> _WHAT IS NEEDED_
Copy all lines in the data that contain the string "billede".

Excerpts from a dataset
· · ·
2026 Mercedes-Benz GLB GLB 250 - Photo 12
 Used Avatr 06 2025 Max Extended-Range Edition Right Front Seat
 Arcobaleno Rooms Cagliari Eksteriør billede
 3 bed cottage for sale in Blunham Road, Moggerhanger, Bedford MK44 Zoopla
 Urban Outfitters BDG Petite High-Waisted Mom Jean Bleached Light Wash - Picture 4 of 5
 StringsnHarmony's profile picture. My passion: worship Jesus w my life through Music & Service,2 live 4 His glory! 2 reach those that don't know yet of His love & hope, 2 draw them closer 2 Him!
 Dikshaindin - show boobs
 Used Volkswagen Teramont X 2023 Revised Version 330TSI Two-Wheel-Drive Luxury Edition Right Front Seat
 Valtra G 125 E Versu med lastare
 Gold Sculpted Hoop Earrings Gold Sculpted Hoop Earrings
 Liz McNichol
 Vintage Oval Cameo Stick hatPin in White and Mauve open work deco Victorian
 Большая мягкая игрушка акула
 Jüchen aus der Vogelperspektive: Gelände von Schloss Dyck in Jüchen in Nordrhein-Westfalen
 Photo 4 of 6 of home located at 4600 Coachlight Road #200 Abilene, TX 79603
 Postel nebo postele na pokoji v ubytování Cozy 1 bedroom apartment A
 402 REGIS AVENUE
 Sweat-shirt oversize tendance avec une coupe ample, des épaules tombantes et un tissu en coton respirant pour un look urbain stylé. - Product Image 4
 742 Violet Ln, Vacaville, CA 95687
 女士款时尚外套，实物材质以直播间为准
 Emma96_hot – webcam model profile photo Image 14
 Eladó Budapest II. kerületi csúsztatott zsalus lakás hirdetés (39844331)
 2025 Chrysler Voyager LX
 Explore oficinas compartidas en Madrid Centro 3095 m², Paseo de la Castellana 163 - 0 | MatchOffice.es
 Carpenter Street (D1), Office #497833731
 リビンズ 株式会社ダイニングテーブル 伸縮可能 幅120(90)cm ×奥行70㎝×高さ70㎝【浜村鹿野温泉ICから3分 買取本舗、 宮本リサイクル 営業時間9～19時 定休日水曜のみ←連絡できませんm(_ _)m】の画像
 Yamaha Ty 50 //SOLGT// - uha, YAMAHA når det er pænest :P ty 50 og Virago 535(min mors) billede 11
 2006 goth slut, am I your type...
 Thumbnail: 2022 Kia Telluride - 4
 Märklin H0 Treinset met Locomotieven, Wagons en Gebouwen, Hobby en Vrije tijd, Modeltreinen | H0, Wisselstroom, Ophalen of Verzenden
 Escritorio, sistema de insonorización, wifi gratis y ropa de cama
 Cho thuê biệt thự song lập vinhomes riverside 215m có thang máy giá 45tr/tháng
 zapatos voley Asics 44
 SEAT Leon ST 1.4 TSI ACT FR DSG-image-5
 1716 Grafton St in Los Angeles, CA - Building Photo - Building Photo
· · ·
> _RESULT FOR THIS TASK_
 Arcobaleno Rooms Cagliari Eksteriør billede
 Yamaha Ty 50 //SOLGT// - uha, YAMAHA når det er pænest :P ty 50 og Virago 535(min mors) billede 11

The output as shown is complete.